• **Problem to solve**:
Copy the lines from the start of the records below through the line containing "Making Weight Watchers", both included, and leave out the pictures.
Segment Start: Data for this task
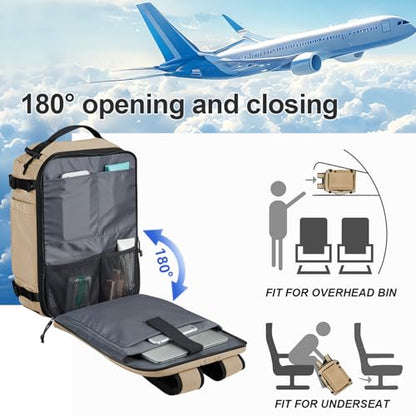 Carry On Travel Backpack with Shoe Compartment Flight Approved Laptop Backpack Expandable Work Business Backpack for Women Men Casual Daypack, Khaki - color: Khaki, style: A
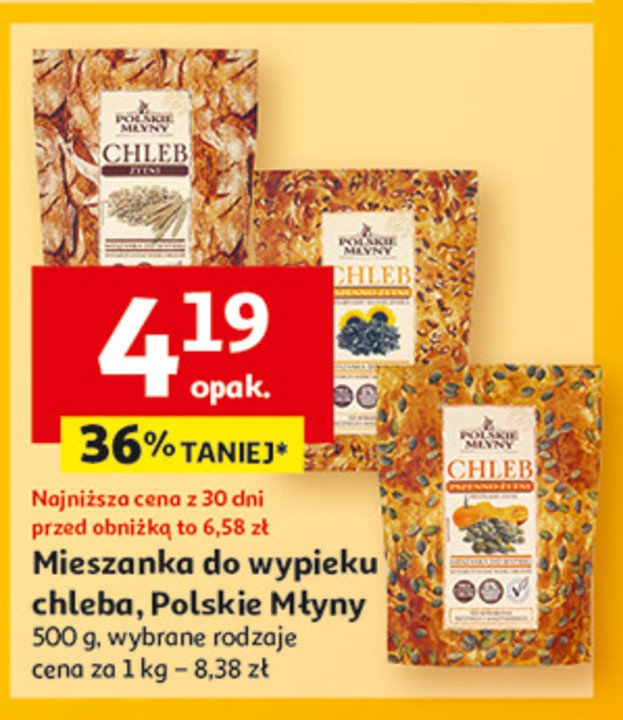 Mieszanka do wypieku chleba pszenno-żytniego z pestkami dyni Polskie młyny promocja w Auchan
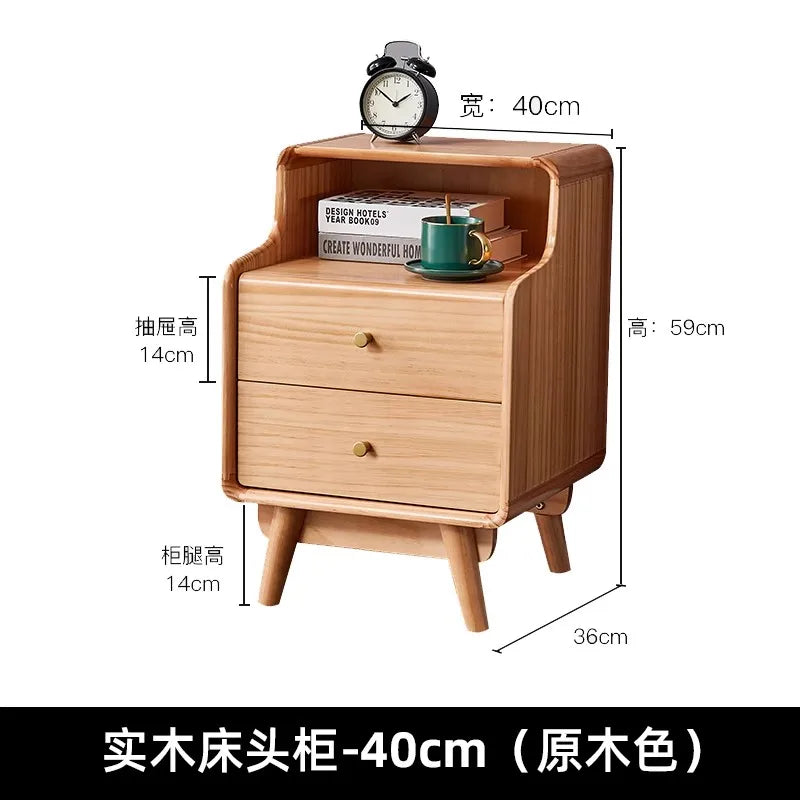 Solid Wood Bedside Table  Modern Small Nightstand with Rounded Corners Multi-Layer Storage Shelf Durable Eco-Friendly   Bedroom
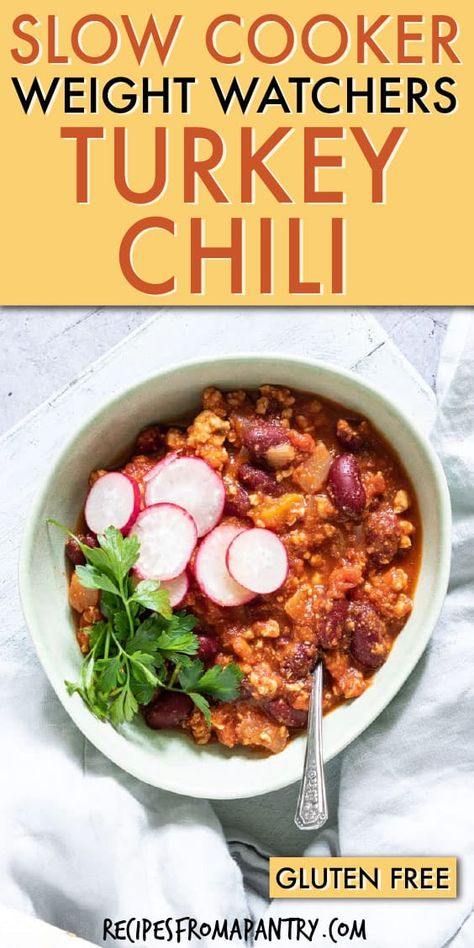 Making Weight Watchers Turkey Chili in your slow cooker or on your stove top is SO easy. Best part about this Weight Watchers Turkey Chili recipe is that it’s a 0 point recipe!! All the flavor and none of the guilt… Click though to get this awesome recipe that’s the perfect meal prep solution for a quick and easy dinner!! #slowcooker #slowcookerrecipes #crockpot #crockpotrecipes #crockpotchili #weightwatcherschili #WWrecipes #zeropointsrecipes #turkeychili #easychilirecipes #glutenfree Weight Watchers Turkey Chili, Slow Cooker Bean Soup, Slow Cooker Lentil Curry, Weight Watchers Slow Cooker, Turkey Chili Recipe Crockpot, Turkey Chili Recipe Easy, Weight Watchers Chili, Healthy Chili Recipe Turkey, Turkey Chili Crockpot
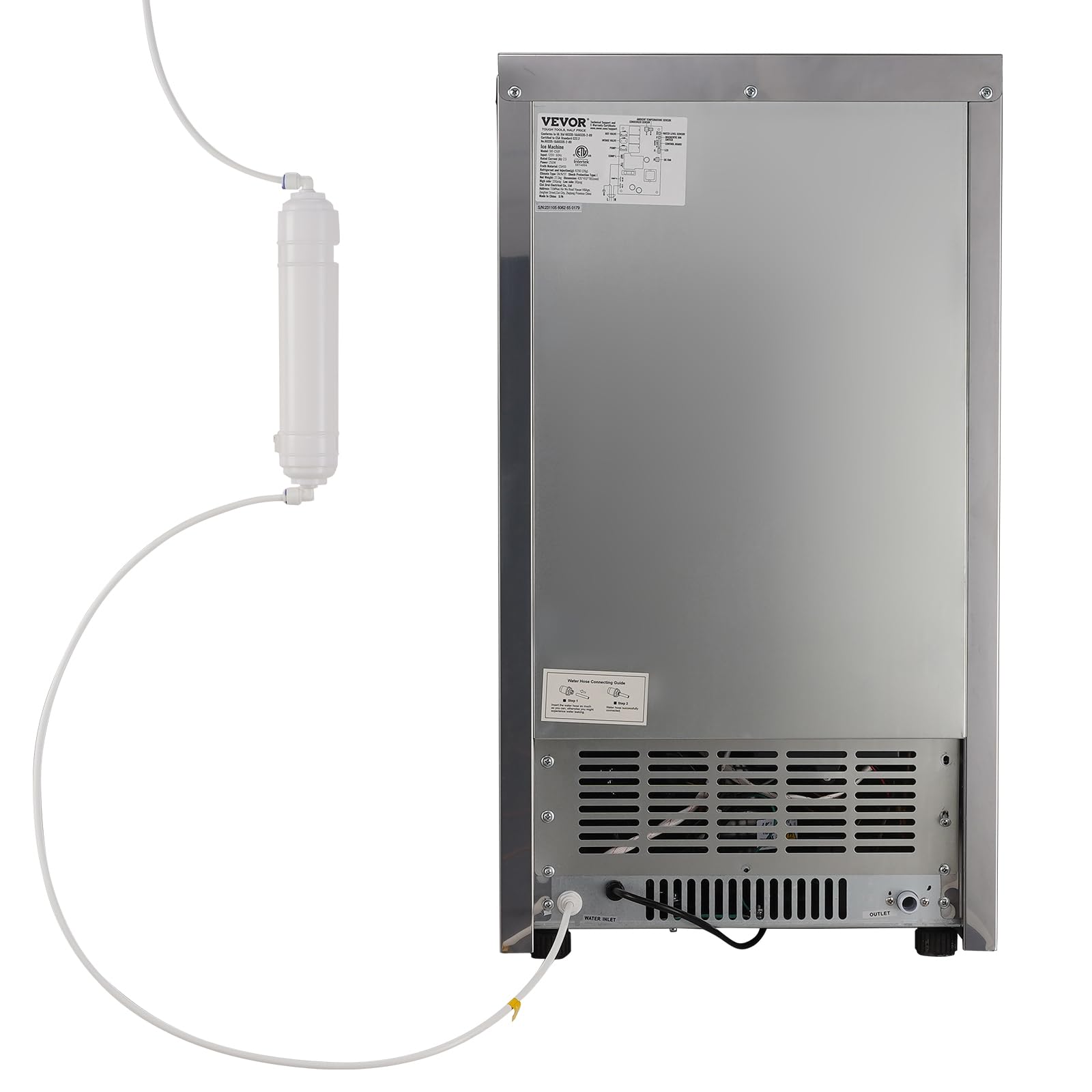VEVOR Commercial Ice Maker Machine 150LBS/24H, 24LBS Storage Capacity - Fast 55 Ice Cubes in 12-15 Mins - Perfect for Bars, Home, Office & Restaurants - Ideal for Cocktails, Parties & Food Service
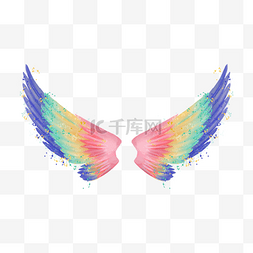天使翅膀图片_翅膀抽象水彩彩色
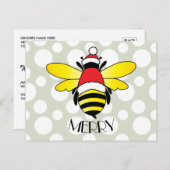 Bee Merry Holiday Postkarte (Vorne/Hinten)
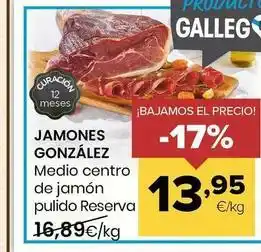 Jamones gonzález - medio centro de jamón pulido reserva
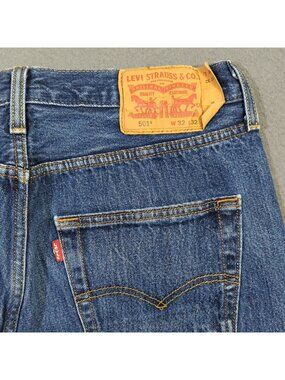 Levi's Jeans Men's 32x32 Fits 32x29 Blue 501 Straight Button Fly Denim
Segment End: Data for this task
• **Solution**:
 Carry On Travel Backpack with Shoe Compartment Flight Approved Laptop Backpack Expandable Work Business Backpack for Women Men Casual Daypack, Khaki - color: Khaki, style: A
 Mieszanka do wypieku chleba pszenno-żytniego z pestkami dyni Polskie młyny promocja w Auchan
 Solid Wood Bedside Table  Modern Small Nightstand with Rounded Corners Multi-Layer Storage Shelf Durable Eco-Friendly   Bedroom
 Making Weight Watchers Turkey Chili in your slow cooker or on your stove top is SO easy. Best part about this Weight Watchers Turkey Chili recipe is that it’s a 0 point recipe!! All the flavor and none of the guilt… Click though to get this awesome recipe that’s the perfect meal prep solution for a quick and easy dinner!! #slowcooker #slowcookerrecipes #crockpot #crockpotrecipes #crockpotchili #weightwatcherschili #WWrecipes #zeropointsrecipes #turkeychili #easychilirecipes #glutenfree Weight Watchers Turkey Chili, Slow Cooker Bean Soup, Slow Cooker Lentil Curry, Weight Watchers Slow Cooker, Turkey Chili Recipe Crockpot, Turkey Chili Recipe Easy, Weight Watchers Chili, Healthy Chili Recipe Turkey, Turkey Chili Crockpot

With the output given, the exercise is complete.